Spy-Gate Knocked Out Russia-Gate; Italy's New Euroskeptic Coalition Government

The potential for enlistment into the fight for a new system is shown in Italy, where citizens voted March 4, against the anti-nation EU policies. The Italian vote was a continuation of the uprising against Wall Street/City of London economic and geopolitical killer practices, as seen in the 2016 Brexit vote, the 2016 Trump vote, the Austrian 2017 vote, and other manifestations. This uprising process hasn't stopped, but it must go somewhere. That is our responsibility, with the LaRouche Four Cardinal Laws, and the optimism of truth.

The enemy is completely deranged at the very thought of an Italian government coming together, favorable to any of the precepts of the LaRouche Four Laws. The two parties 5-Star and Lega are on record for a Glass-Steagall bank reorganization, and a credit institution. Italian President Sergio Matarella is to announce his decision tomorrow, about a possible M5S/Lega government. Opponents are hysterical. Germany's Second TV station said that Brussels must deal with Italy like a wild horse: put a gag-bit on her, and rein her in. Germany's senior CDU Member of the European Parliament Elmar Brok is presenting horror scenarios: "The Italian economy will collapse. The Italian banks will collapse." Note that Brok supported the British/Obama-orchestrated 2014 Maidan Nazi coup against Ukraine, after that nation's government chose not to align with the EU [in favor of the Russian-led Eurasian Economic Union -- JWS].

At the same time, the casino-economic system these hysterics back, is blowing apart. You can't blame that on Italy. For example, the bubbles have burst of global hot money speculation in Argentina and elsewhere. The Argentine peso has plunged more than 30 percent against the U.S. dollar since the beginning of this year; currencies are dropping in Turkey, Brazil, Mexico, and elsewhere. In three weeks, Argentina has a second round of $30 billion in Lebacs (peso-denominated bonds issued by the Argentine Central Bank) come due, after wild gimmicks were used May 15 to roll over the first batch of $30 bil due this year.

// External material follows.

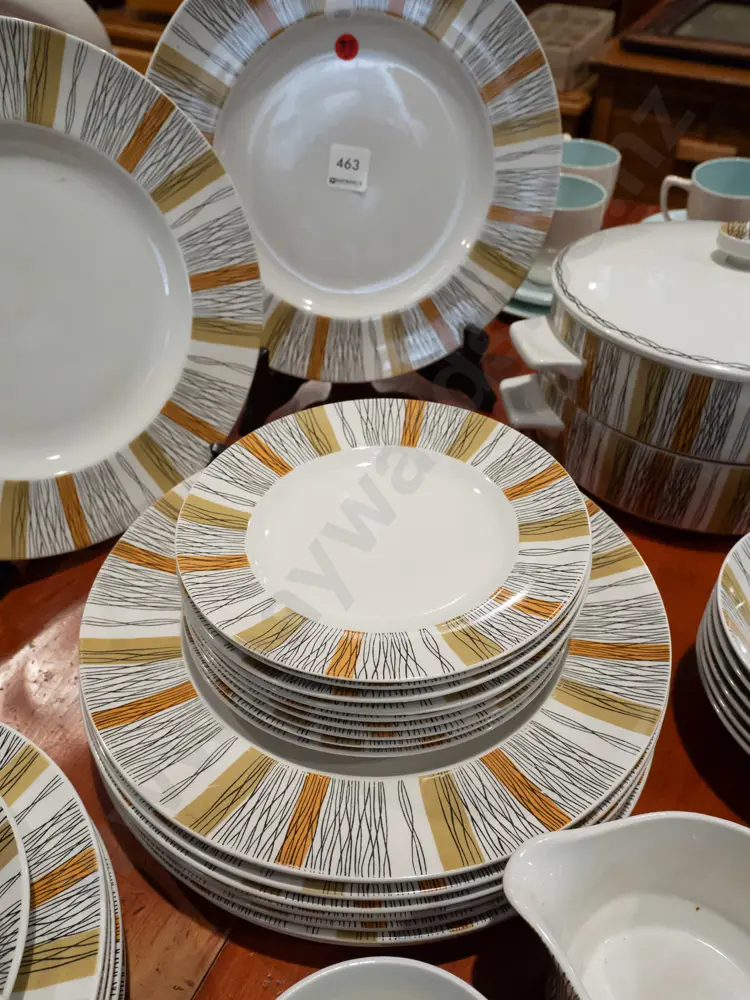 retro Midwinter "Sienna" orange and brown table ware - 2 plates with chips, 1 with repair, some minor scratching and Image 1++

Helga Zepp-LaRouche summed up today, that the "Italy-bashing shows the utmost arrogance and unwillingness to consider why any of this is happening..." But, she said, "The Erinyes are at work!" Or, as Trump said of Russia-Gate changing to Spy-Gate, "What goes around, comes around." This is the time to mobilize.

Conte Gets Mandate as Italy’s Prime Minister; Savona Expected To Be Finance Minister

May 24, 2018 (EIRNS)—If Paolo Savona becomes Italy’s Finance Minister, as the Lega wants, the party for the EU is over. Savona, 82, is an establishment figure with government experience who in recent years turned his originally pro-euro position into a strongly anti-euro one. Savona has demanded Italy develop a Plan B, in case it realizes that staying in the euro is damaging to its national interests.

Two years ago, Savona commented on EIR Founding Editor Lyndon LaRouche’s proposal for saving Deutsche Bank in a private email: “I agree that we need an urgent plan for the European banking system, but the problem has deeper roots. The European architecture is badly built, and this will lead us from one crisis to the next. Probably the euro and the common market will survive, but weaker countries will be taken over by mere protest [political] forces, without solving the problem but just transferring it to the stronger countries.”

Savona waged a battle against the euro together with his university Prof. Giuseppe Guarino. Due to his positions, he was often ostracized by mainstream media, and only the website Scenarieconomici.it would publish some of his articles. Scenarieconomici.it is run by Prof. Antonio Maria Rinaldi, who was a student of Savona’s.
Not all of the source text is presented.